The answer should contain every entry below, copied exactly.

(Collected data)
....................
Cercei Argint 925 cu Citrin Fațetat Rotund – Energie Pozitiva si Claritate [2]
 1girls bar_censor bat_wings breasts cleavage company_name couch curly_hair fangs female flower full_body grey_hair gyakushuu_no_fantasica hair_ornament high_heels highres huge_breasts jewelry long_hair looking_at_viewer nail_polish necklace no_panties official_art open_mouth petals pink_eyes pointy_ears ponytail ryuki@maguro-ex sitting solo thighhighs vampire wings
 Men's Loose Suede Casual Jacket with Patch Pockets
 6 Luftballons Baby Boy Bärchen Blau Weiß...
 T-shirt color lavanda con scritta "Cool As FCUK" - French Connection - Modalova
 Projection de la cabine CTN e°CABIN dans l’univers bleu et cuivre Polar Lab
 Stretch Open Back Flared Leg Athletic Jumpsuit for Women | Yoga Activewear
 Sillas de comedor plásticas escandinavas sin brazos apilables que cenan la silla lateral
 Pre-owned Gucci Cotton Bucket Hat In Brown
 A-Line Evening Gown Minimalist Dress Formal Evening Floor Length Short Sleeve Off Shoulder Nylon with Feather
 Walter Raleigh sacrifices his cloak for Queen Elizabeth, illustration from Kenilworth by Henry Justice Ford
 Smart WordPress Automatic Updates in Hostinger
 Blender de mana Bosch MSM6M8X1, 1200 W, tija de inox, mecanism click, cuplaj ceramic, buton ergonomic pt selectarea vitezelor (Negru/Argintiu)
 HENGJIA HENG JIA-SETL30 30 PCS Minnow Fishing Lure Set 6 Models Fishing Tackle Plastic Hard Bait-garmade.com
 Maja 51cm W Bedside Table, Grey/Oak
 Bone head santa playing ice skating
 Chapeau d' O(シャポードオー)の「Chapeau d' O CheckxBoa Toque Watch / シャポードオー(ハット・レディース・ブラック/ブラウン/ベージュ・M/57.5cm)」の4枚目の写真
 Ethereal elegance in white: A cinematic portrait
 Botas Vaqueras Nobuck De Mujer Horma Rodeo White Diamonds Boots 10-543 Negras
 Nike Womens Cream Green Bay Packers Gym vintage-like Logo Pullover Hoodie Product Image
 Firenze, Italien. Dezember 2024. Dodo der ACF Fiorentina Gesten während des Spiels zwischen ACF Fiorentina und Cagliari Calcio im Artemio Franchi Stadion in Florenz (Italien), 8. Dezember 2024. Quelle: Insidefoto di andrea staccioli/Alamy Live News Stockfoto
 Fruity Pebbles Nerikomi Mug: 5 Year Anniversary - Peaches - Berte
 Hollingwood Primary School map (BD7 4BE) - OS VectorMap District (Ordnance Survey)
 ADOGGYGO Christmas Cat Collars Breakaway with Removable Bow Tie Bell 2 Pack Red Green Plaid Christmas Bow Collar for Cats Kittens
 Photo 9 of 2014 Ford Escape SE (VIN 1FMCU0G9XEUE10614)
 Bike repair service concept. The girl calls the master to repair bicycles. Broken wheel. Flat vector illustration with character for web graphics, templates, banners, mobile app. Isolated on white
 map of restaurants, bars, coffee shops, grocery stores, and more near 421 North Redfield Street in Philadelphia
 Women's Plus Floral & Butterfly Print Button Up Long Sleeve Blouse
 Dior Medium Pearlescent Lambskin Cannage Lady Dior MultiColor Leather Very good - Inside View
....................
Result of the exercise:
Cercei Argint 925 cu Citrin Fațetat Rotund – Energie Pozitiva si Claritate [2]
 1girls bar_censor bat_wings breasts cleavage company_name couch curly_hair fangs female flower full_body grey_hair gyakushuu_no_fantasica hair_ornament high_heels highres huge_breasts jewelry long_hair looking_at_viewer nail_polish necklace no_panties official_art open_mouth petals pink_eyes pointy_ears ponytail ryuki@maguro-ex sitting solo thighhighs vampire wings
 Men's Loose Suede Casual Jacket with Patch Pockets
 6 Luftballons Baby Boy Bärchen Blau Weiß...
 T-shirt color lavanda con scritta "Cool As FCUK" - French Connection - Modalova
 Projection de la cabine CTN e°CABIN dans l’univers bleu et cuivre Polar Lab
 Stretch Open Back Flared Leg Athletic Jumpsuit for Women | Yoga Activewear
 Sillas de comedor plásticas escandinavas sin brazos apilables que cenan la silla lateral
 Pre-owned Gucci Cotton Bucket Hat In Brown
 A-Line Evening Gown Minimalist Dress Formal Evening Floor Length Short Sleeve Off Shoulder Nylon with Feather
 Walter Raleigh sacrifices his cloak for Queen Elizabeth, illustration from Kenilworth by Henry Justice Ford
 Smart WordPress Automatic Updates in Hostinger
 Blender de mana Bosch MSM6M8X1, 1200 W, tija de inox, mecanism click, cuplaj ceramic, buton ergonomic pt selectarea vitezelor (Negru/Argintiu)
 HENGJIA HENG JIA-SETL30 30 PCS Minnow Fishing Lure Set 6 Models Fishing Tackle Plastic Hard Bait-garmade.com
 Maja 51cm W Bedside Table, Grey/Oak
 Bone head santa playing ice skating
 Chapeau d' O(シャポードオー)の「Chapeau d' O CheckxBoa Toque Watch / シャポードオー(ハット・レディース・ブラック/ブラウン/ベージュ・M/57.5cm)」の4枚目の写真
 Ethereal elegance in white: A cinematic portrait
 Botas Vaqueras Nobuck De Mujer Horma Rodeo White Diamonds Boots 10-543 Negras
 Nike Womens Cream Green Bay Packers Gym vintage-like Logo Pullover Hoodie Product Image
 Firenze, Italien. Dezember 2024. Dodo der ACF Fiorentina Gesten während des Spiels zwischen ACF Fiorentina und Cagliari Calcio im Artemio Franchi Stadion in Florenz (Italien), 8. Dezember 2024. Quelle: Insidefoto di andrea staccioli/Alamy Live News Stockfoto
 Fruity Pebbles Nerikomi Mug: 5 Year Anniversary - Peaches - Berte
 Hollingwood Primary School map (BD7 4BE) - OS VectorMap District (Ordnance Survey)
 ADOGGYGO Christmas Cat Collars Breakaway with Removable Bow Tie Bell 2 Pack Red Green Plaid Christmas Bow Collar for Cats Kittens
 Photo 9 of 2014 Ford Escape SE (VIN 1FMCU0G9XEUE10614)
 Bike repair service concept. The girl calls the master to repair bicycles. Broken wheel. Flat vector illustration with character for web graphics, templates, banners, mobile app. Isolated on white
 map of restaurants, bars, coffee shops, grocery stores, and more near 421 North Redfield Street in Philadelphia
 Women's Plus Floral & Butterfly Print Button Up Long Sleeve Blouse
 Dior Medium Pearlescent Lambskin Cannage Lady Dior MultiColor Leather Very good - Inside View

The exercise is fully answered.